Павел Шестаков - Остановка
— Есть.
— Бываешь на интересных просмотрах?
— Ну, я не такой уж энтузиаст, да и трудно туда попасть, особенно если ажиотаж фестивальный…
— Вот именно. Трудно. Мест нет. А кем заняты? Посмотри как-нибудь. Торговля, автосервис, всякого рода сервис и снова торговля. Это ли не проявление уважения? Приходите, уважаемый, милости просим, вас Феллини ждет! Мировое искусство за колбасу скармливают, а то и дешевле. Это, брат, уважение особого рода.
— Ну, до Феллини отец не дожил.
— Об отце я, конечно, не знаю. Меня больше Черновол занимает. А уж это делец высшей пробы.
— За что и поплатился. Или ты забыл?
— Помню, Коля, помню.
— Так можно ли считать ее преступницей, убийцей?
— По закону?
— Да просто по-человечески!
Тут Мазин возразил решительно. Пока он свои взгляды излагал, он готов был и возражения выслушать, но покушений на закон не терпел.

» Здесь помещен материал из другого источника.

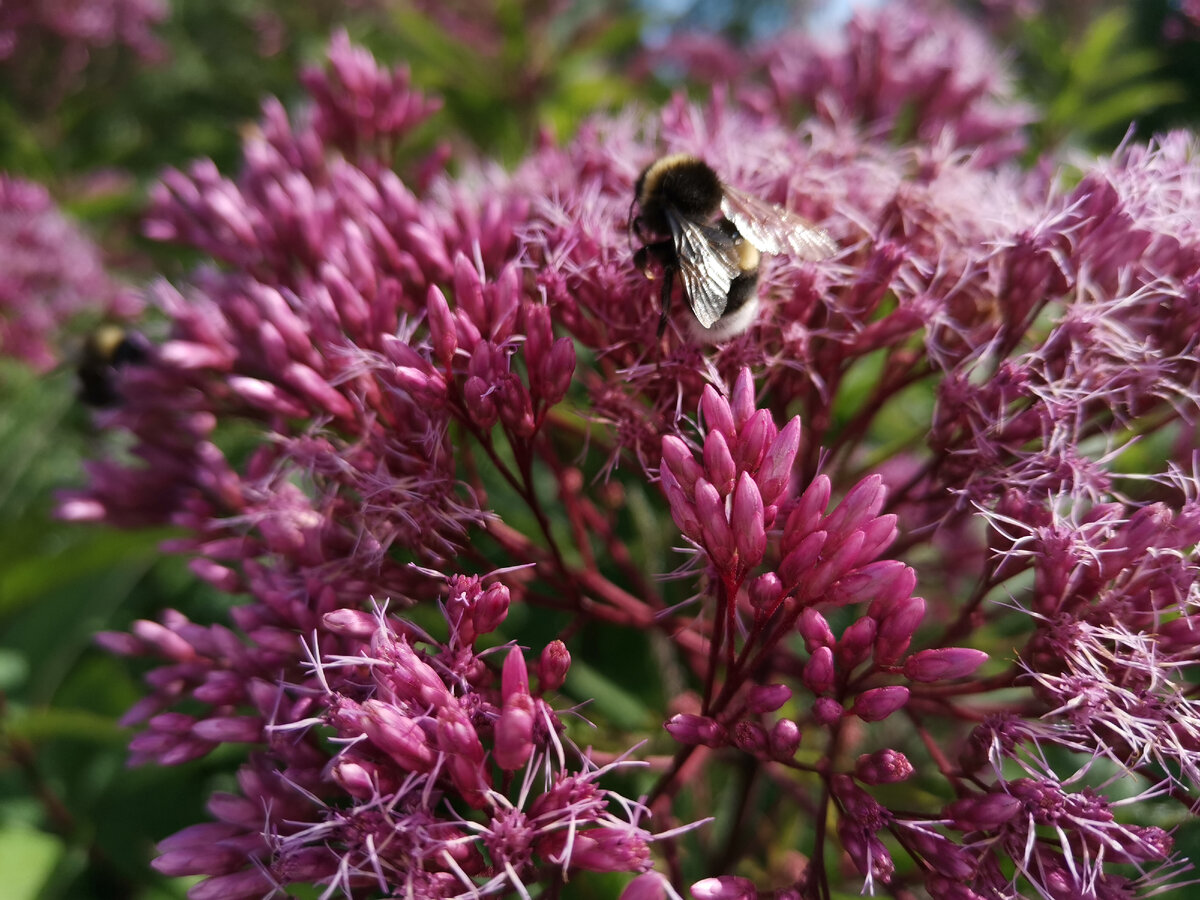 Фото автора канала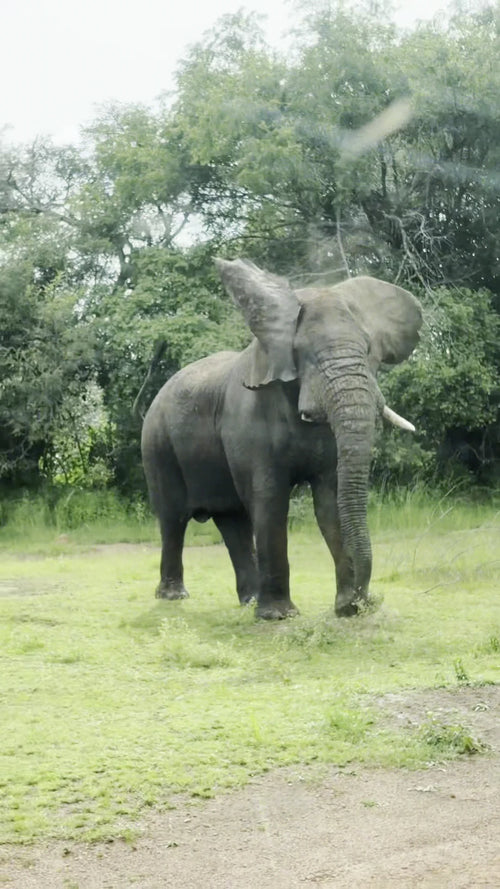Akagera National Park,  Rwanda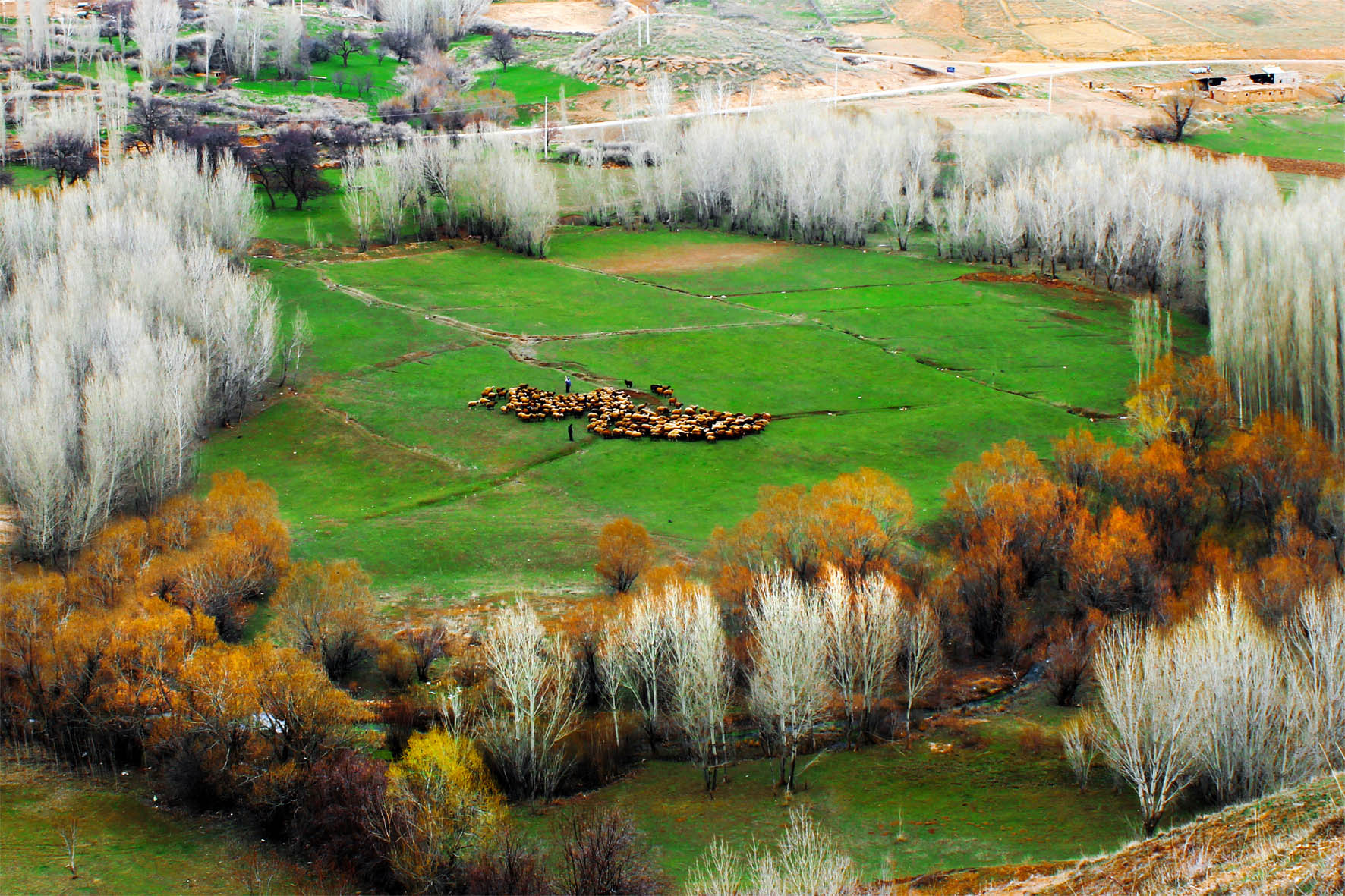 Artwork Frame in frame by Mehrdad Fathi Artwork Frame in frame by Mehrdad Fathi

— Вот это, Николай, самое опасное и, к сожалению, распространенное заблуждение. Дескать, по закону — одно, а по-человечески, как ты говоришь, — другое. Да, доброму человеку Ирина и жертвой может показаться; однако закон при всей своей кажущейся упрощенности точно отражает подлинные реалии. Он, если хочешь, мудрее жалости, которая и обмануться может. А жертва далеко не всегда конечный итог зла, иногда и очередное звено. Черновол принес в семью зло? Согласен! Ирина одна из жертв? Да. Но сначала она стала жертвой того самого хлеба с маслом, которым ее не просто кормили, но создавали убежденность, что это естественно, хорошо, правильно, что ее благополучие — следствие не просто родительской щедрости, но и ума, предприимчивости; короче, бутерброд с маслом подавался как символ пресловутого «умения жить». Всего-то два слова, а сколько они душ погубили!
— Сама Ирина, между прочим, не очень похожа на «умеющую жить».
— Тем более! Значит, муж должен уметь, а если он не умеет, что тогда?
— Искать того, кто умеет?
— Конечно, и в данном варианте он тут как тут. Ситуация складывается виктимологическая. Жертва провоцирует преступника.
— А потом они меняются ролями?
— Ах, Коля, — вздохнул Мазин, — далеко наука ушла, а проблемы старые остались, что раньше — курица или яйцо? Кто жертва, Ирина или Черновол? К счастью, помимо трагедийного — жертва, есть еще служебный термин — потерпевший. Черновол сейчас прежде всего потерпевший.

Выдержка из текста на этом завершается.